Why Can’t People Teleport?  
Set your phasers on stun, because we are going to beam you up on the physics of teleportation.


Sadly, none of them involve phasers. Yet. If I find one, it'll pop up here eventually.

Let’s face it: Nobody likes to travel.

Wow. You're not playing to me with that lede, are you? I love to travel. I'm the avatar of the phrase "It's not the destination, but the journey." I've even been known to say that there is no such thing as destination, only the journey.

I make an exception for airport security theater and steerage seats on airplanes. But everything else about travel, in any mode, is part of the adventure to me.

Still, I could see the advantages of the topic, which is teleportation.

Whether they’re traveling to get to an exotic location for vacation or traveling to work on a daily commute, nobody actually likes the part where they have to travel.

I'm the exception that negates the rule.

The people who say they like to travel probably mean they like to arrive. That’s because being somewhere can be really fun: seeing new things, meeting new people, getting to work sooner so you can go home early and read physics books. The actual traveling part is usually a drag: getting ready, rushing, waiting, rushing some more. Whoever said “it’s the journey, not the destination” clearly never had to sit in traffic every day and never got stuck in a middle seat on a transatlantic flight.

This article could have skipped these first few sentences and I'd be more inclined to feel sympathetic to the author.

Teleportation has been a fixture in science fiction for well over 100 years.

And I'm pretty sure some version of it was in fantasy long before then.

We could get to other planets more easily, too.
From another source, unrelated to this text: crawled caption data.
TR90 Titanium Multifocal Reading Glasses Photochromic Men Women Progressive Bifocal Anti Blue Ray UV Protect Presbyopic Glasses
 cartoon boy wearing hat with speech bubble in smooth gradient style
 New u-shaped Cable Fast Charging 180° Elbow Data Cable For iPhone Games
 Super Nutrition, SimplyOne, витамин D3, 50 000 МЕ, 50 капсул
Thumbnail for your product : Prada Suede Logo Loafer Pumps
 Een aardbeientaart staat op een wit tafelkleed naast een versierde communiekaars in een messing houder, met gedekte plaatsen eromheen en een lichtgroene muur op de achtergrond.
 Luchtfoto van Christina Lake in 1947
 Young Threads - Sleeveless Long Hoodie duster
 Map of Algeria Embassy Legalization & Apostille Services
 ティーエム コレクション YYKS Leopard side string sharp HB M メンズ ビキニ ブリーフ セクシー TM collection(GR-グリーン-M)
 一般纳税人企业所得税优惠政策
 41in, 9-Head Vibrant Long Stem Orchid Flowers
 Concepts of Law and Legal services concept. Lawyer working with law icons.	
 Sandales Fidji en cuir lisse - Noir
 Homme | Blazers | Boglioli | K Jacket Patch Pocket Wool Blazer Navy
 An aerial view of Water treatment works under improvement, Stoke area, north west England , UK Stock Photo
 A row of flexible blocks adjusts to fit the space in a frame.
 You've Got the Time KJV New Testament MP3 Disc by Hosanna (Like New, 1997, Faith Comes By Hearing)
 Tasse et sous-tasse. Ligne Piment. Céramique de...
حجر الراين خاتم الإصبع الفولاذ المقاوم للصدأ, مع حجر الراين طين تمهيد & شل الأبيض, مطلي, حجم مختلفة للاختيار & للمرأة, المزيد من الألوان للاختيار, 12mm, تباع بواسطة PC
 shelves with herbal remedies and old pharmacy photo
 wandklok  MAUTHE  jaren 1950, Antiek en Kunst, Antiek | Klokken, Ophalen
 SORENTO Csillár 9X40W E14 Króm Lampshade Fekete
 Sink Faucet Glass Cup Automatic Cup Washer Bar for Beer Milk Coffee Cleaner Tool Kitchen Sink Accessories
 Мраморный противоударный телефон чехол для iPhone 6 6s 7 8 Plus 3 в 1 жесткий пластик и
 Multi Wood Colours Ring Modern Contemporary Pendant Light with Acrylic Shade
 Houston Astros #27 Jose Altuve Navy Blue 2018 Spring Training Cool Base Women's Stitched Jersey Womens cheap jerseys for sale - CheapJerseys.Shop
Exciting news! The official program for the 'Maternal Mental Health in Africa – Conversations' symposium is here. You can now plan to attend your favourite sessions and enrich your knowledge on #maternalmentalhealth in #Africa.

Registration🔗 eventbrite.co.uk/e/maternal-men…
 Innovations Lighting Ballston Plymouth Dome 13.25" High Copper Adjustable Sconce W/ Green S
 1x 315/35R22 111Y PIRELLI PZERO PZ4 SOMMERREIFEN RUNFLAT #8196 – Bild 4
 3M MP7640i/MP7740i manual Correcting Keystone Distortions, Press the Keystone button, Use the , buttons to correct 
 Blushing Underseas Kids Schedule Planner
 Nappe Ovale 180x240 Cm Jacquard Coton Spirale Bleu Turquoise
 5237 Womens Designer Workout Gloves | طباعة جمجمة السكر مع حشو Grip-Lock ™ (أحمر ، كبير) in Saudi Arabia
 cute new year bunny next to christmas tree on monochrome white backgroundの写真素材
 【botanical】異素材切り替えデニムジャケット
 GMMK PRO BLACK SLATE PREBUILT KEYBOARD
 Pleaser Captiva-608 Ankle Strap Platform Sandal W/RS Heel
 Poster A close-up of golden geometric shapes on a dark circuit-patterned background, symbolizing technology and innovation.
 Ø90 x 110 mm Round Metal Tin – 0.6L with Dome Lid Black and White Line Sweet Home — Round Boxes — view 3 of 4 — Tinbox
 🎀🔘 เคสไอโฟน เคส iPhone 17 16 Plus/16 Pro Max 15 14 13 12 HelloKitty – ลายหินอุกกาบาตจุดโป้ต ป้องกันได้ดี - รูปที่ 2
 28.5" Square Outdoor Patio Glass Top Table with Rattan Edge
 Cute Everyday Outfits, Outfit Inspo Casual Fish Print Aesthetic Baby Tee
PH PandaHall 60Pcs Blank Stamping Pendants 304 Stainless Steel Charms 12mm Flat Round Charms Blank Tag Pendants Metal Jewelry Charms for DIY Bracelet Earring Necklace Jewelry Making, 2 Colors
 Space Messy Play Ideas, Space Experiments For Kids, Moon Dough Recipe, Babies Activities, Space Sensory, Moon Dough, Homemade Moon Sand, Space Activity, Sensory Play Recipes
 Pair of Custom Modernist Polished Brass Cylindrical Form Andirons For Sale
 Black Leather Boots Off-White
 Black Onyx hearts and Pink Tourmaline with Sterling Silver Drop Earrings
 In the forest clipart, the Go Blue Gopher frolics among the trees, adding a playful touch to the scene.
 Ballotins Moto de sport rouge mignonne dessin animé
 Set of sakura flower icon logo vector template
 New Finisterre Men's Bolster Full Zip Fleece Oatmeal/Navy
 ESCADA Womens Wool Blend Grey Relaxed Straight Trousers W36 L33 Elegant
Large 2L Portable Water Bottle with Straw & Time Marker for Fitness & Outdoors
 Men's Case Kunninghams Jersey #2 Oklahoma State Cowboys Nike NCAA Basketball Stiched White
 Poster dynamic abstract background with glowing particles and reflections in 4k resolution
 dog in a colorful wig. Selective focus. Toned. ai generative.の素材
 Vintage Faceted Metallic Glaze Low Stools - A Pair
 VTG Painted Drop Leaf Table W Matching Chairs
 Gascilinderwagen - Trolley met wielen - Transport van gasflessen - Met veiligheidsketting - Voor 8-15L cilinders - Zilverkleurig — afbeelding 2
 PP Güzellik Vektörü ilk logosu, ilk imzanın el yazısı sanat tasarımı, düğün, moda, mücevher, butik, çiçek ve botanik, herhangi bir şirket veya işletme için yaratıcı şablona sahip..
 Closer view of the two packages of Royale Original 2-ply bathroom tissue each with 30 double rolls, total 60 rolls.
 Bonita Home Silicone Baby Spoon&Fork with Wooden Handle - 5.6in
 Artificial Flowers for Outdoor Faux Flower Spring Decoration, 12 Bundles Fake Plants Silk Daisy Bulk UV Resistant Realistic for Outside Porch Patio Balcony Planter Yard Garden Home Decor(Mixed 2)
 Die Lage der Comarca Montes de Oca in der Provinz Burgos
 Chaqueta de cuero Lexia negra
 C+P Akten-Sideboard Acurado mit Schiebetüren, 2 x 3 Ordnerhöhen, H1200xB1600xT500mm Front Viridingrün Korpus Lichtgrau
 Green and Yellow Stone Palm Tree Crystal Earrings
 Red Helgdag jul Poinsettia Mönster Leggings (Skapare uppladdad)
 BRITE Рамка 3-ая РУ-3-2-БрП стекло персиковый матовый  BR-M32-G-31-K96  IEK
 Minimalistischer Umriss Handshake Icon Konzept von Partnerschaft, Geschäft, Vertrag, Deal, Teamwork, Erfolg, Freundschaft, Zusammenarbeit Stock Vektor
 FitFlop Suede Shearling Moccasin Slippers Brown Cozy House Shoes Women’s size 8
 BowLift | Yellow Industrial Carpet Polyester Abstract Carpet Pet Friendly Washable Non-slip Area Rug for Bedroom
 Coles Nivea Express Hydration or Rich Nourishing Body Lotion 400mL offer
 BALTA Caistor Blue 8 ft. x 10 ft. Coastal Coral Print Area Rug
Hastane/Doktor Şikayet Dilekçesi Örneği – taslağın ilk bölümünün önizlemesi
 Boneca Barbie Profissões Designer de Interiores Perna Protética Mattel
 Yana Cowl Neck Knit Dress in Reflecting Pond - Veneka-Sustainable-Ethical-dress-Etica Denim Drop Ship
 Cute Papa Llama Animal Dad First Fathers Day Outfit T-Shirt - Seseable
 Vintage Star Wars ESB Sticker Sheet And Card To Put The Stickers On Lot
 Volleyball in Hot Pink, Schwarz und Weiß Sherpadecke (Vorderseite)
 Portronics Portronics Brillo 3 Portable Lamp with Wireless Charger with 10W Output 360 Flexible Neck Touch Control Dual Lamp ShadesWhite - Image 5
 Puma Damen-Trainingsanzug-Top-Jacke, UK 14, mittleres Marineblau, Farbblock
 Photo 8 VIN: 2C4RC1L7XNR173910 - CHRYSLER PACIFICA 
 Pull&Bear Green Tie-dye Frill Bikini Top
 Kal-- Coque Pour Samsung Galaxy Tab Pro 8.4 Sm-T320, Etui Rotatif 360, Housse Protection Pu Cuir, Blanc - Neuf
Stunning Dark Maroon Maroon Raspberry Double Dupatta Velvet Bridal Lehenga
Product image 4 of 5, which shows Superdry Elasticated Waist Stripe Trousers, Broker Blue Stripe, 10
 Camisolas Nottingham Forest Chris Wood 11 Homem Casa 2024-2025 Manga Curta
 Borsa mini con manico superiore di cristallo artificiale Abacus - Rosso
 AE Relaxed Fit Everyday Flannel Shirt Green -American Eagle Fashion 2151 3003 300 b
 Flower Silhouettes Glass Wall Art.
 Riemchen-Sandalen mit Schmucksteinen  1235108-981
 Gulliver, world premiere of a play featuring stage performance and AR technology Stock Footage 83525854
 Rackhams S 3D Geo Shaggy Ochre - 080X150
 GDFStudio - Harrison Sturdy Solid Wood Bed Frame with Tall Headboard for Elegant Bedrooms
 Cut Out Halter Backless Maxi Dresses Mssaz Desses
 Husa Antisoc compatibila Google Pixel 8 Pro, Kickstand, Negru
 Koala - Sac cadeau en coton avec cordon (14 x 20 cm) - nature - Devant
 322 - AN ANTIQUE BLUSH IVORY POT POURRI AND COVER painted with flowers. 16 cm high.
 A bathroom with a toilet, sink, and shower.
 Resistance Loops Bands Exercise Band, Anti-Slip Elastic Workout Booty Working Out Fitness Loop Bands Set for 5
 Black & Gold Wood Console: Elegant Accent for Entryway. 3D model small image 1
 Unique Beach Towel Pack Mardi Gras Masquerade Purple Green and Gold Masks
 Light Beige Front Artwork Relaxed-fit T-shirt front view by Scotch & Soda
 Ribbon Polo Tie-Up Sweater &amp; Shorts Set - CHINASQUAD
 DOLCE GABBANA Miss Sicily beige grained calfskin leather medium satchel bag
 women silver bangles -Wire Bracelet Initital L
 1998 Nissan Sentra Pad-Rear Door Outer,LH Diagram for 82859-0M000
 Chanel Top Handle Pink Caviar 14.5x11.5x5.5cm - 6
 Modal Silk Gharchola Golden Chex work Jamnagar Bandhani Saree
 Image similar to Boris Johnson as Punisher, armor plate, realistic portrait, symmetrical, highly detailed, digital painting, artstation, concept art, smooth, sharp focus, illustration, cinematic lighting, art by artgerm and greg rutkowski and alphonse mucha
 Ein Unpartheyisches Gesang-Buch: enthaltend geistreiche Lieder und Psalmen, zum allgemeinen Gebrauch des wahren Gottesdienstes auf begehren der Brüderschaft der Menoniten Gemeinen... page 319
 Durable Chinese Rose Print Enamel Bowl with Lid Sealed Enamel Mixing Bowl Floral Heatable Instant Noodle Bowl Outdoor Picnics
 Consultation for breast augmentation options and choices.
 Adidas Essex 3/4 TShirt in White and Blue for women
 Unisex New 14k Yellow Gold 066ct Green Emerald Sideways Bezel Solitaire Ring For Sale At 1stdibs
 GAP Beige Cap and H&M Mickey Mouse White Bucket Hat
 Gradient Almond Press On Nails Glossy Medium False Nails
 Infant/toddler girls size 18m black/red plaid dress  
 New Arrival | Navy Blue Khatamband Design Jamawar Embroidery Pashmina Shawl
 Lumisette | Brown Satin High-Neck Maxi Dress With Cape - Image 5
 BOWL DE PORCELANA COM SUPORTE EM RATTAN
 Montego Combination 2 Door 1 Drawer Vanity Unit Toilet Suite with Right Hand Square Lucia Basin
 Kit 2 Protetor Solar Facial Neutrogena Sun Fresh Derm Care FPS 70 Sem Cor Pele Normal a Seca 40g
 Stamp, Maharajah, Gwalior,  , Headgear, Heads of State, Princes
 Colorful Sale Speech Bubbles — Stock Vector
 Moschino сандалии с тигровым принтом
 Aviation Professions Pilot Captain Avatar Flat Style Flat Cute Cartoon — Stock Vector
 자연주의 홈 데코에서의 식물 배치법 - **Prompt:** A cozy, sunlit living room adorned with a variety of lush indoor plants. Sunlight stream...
Imagine sending colonists to the nearest habitable planet (Proxima Centauri b, four light-years away) without having to spend decades in transit.

Goddammit, how many times do I have to say this: there is not the slightest speck of evidence that any planet orbiting Proxima Centauri is "habitable" by our definition, and plenty of evidence that they're not. You're losing me here.

But is teleportation possible? And if it is, why is it taking scientists so long to make it a reality? Will it take hundreds of years to develop, or can I expect it as an app on my phone sometime soon?

I think I have a good idea of the answers to these questions, but I'm going to read on anyway, my annoyance with the writing notwithstanding.

If your dream of teleportation is to be here in one moment and then be in a totally different place the next moment, then we are sad to tell you right off the bat that this is impossible.

Unfortunately, physics has some pretty hard rules about anything happening instantaneously.


Okay, but look: any speed-of-light transmission from one point of the Earth's surface to another is close enough to instantaneous as to not make any practical difference. Even hypothetically bouncing a signal to geosynchronous orbit and back would have a lightspeed delay measured in seconds. We're splitting hairs here.

Information has to travel through space just like everything else, and the fastest anything can travel in this universe is the speed of light. Really, the speed of light should have been called the “speed of information” or “the universe’s speed limit.” It’s baked into relativity and the very idea of cause and effect, which are at the heart of physics.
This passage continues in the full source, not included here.